La situación en la que se encuentra Catalunya desde la tarde del domingo, ya no es así tan sólo de emergencia social, sino también de emergencia política, y en un grado mucho más acusado que si se hubieran ‘puesto las urnas’ por segunda vez, para dejar decidir a la ciudadanía. Con la renuncia a convocar elecciones, Mas ha dado continuidad a una legislatura que tiene por seña de identidad, más allá de sus
lapsus lingue, un profundo déficit democrático. En primer lugar, está la trampa de vestir unas elecciones parlamentarias como plebiscitarias y luego interpretar el resultado plebiscitario desde una lógica parlamentaria. Si la lógica plebiscitaria es la de una persona un voto, el plebiscito se perdió por 14.709 votos (sin contar Unió y 115.579 con Unió).

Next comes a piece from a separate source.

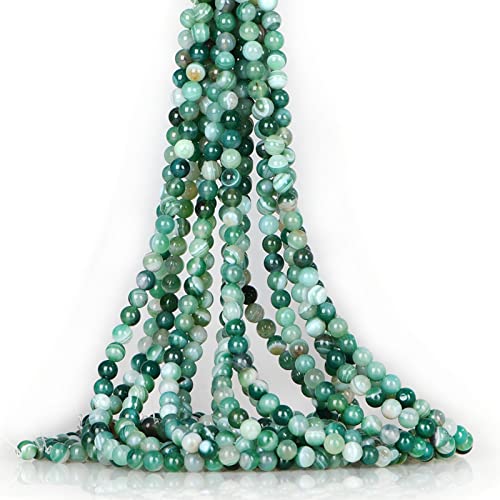 ICAI Beads（Green Striped Agate） Natural Stone Gemstone Round Loose Beads Crystal Energy Stone Healing Power for Jewelry Making DIY,1 Strand 46-48pcs（8mm） - color: Green Striped Agate, size: 8mm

En segundo lugar está la manipulación que supone el acuerdo con las CUP y que cuestiona la fidelidad a su programa. Este se presentaba desde el inicio como una propuesta a dos niveles: Un programa plebiscitario, pero a su vez un programa político para poner fin al capitalismo, enfrentarse al patriarcado y luchar por una república “de todas y para todas las personas”. Con la prestación incondicional de dos diputados y la supeditación de su voto a la estabilidad parlamentaria que monopoliza Convergencia, es complicado imaginar cómo van a promover la nacionalización de la banca, la desobediencia a la reforma laboral votada por Mas, o salvar a la sanidad catalana del ánimo de lucro de patrones como Boi Ruiz.

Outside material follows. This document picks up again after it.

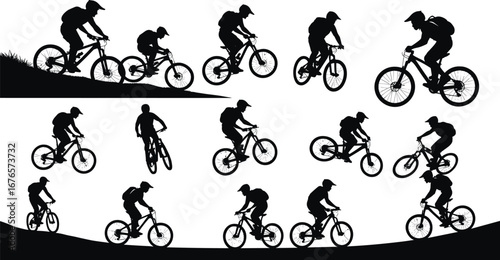 Mountain biking silhouette, cycling sport, downhill riders, extreme adventure, outdoor bicycle stunt, freestyle tricks, off-road cycling, trail riding, active lifestyle, adventure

Pero si resulta algo torticero y desalentador el artificio político con el que las CUP traicionan la confianza de una buena parte de sus votantes, más preocupantes resultan aún las formas y el tono del acuerdo. Inquieta la disposición por parte del propio partido anticapitalista a aceptarlas, pero aún más la de su socio ‘capitalista’ al imponerlas. Hay una constante en todos los regímenes que se adscriben el monopolio sobre las conciencias, ya sea la iglesia católica o el totalitarismo soviético, y es su propensión a forzar la confesión autoinculpatoria, su querencia por ejemplarizar, en edificantes espectáculos públicos, su hegemonía moral. En este sentido los puntos 4 y 5 del acuerdo devienen lacerantes para la cultura democrática catalana.

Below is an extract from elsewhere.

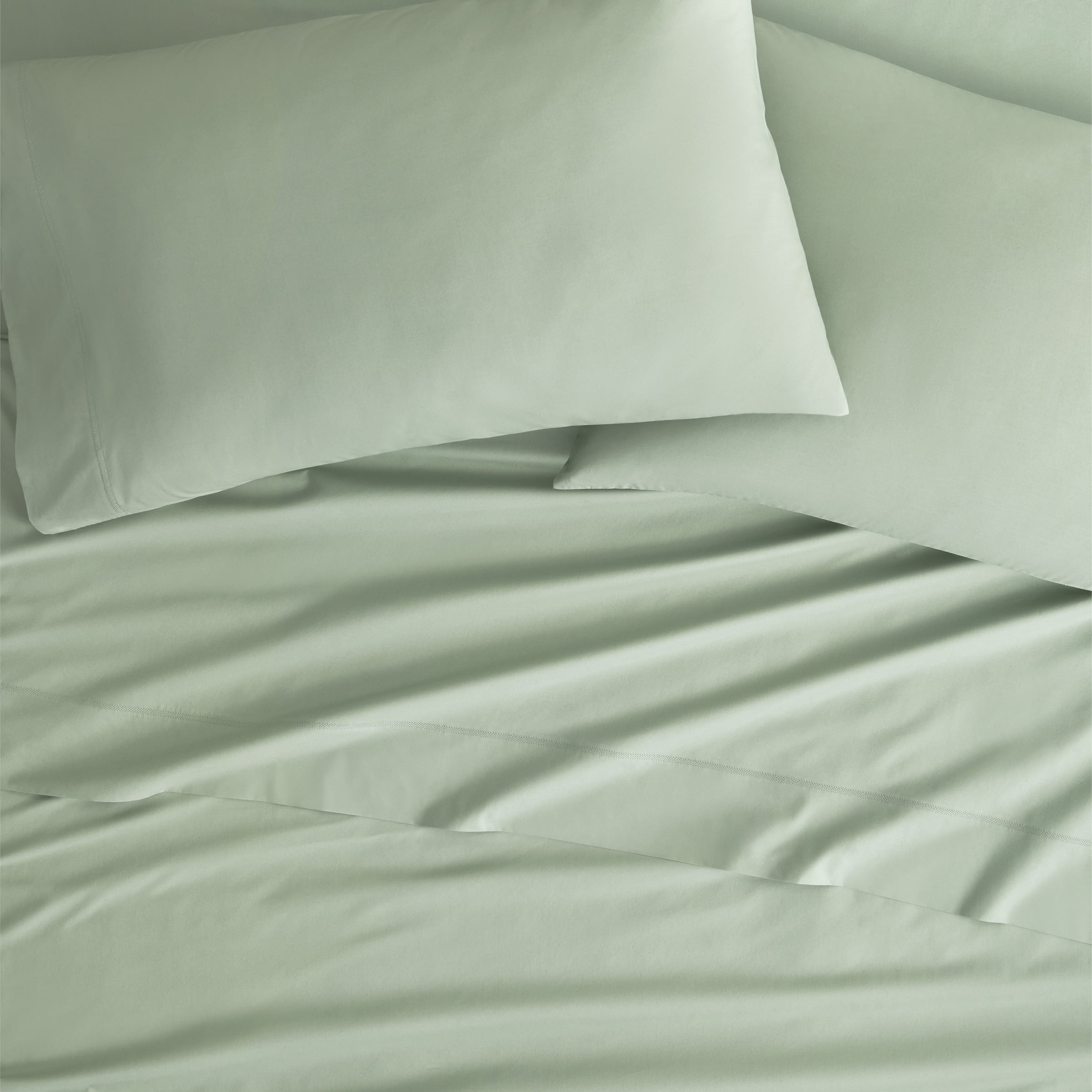 Wamsutta 1846 400 Thread Count Desert Sage Egyptian Giza Cotton Percale Pillow Cases, Queen (2 Count)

El “Con el corazón sincero y fe no fingida, abjuro, maldigo y detesto los mencionados errores y herejías y, en general, todos y cada uno de los otros errores, herejías y sectas contrarias a la Santa Iglesia” de Galileo, o el “Nos alzamos contra la alegría de la nueva vida con métodos de lucha completamente criminales” de la confesión de Nikolai Bujarin, en 1938, es, sin lugar a dudas, fruto de circunstancias difícilmente comparables, pero aún así el principio es parecido. En honor al ideólogo marxista, hay que situar aquí que, incluso cuando uno se enfrenta a la Corte Suprema de la URSS, puede arrostrar semejante circunstancia con algo de dignidad.
En el caso del editor de Pravda y dirigente del Comintern, este empezaba su confesión con una finísima finta dialéctica: “Me parece verosímil pensar que cada uno de los que estamos ahora sentados en este banquillo de los acusados tenía un extraño desdoblamiento de conciencia, una fe incompleta en su tarea contrarrevolucionaria.” También la izquierda radical catalana presenta una clara ‘conciencia desdoblada’: entre su vocación democrática y social y su ortodoxia nacionalista. Es probable que, a pesar del auto de fe patriótico, se les haya conservado un cierto grado de conciencia social que les permitirá entender bien pronto hasta qué punto han entregado su coherencia política.
Con su cambio de tercio han salvado,
in extremis, a CDC y a Mas de la debacle y han insuflado aire en sus perspectivas políticas y en las de aquellos cuyos intereses representan. Al mismo tiempo han entrado finalmente en la lógica de la retroalimentación nacional que tantos réditos le ha dado a la derecha, y han participado así en poner los cimientos a una gran coalición española, que no tan sólo hará inviable la consecución democrática del derecho a la autodeterminación, sino que condena a la clase trabajadora española a una nueva fase de contracción y expolio de sus derechos y condiciones.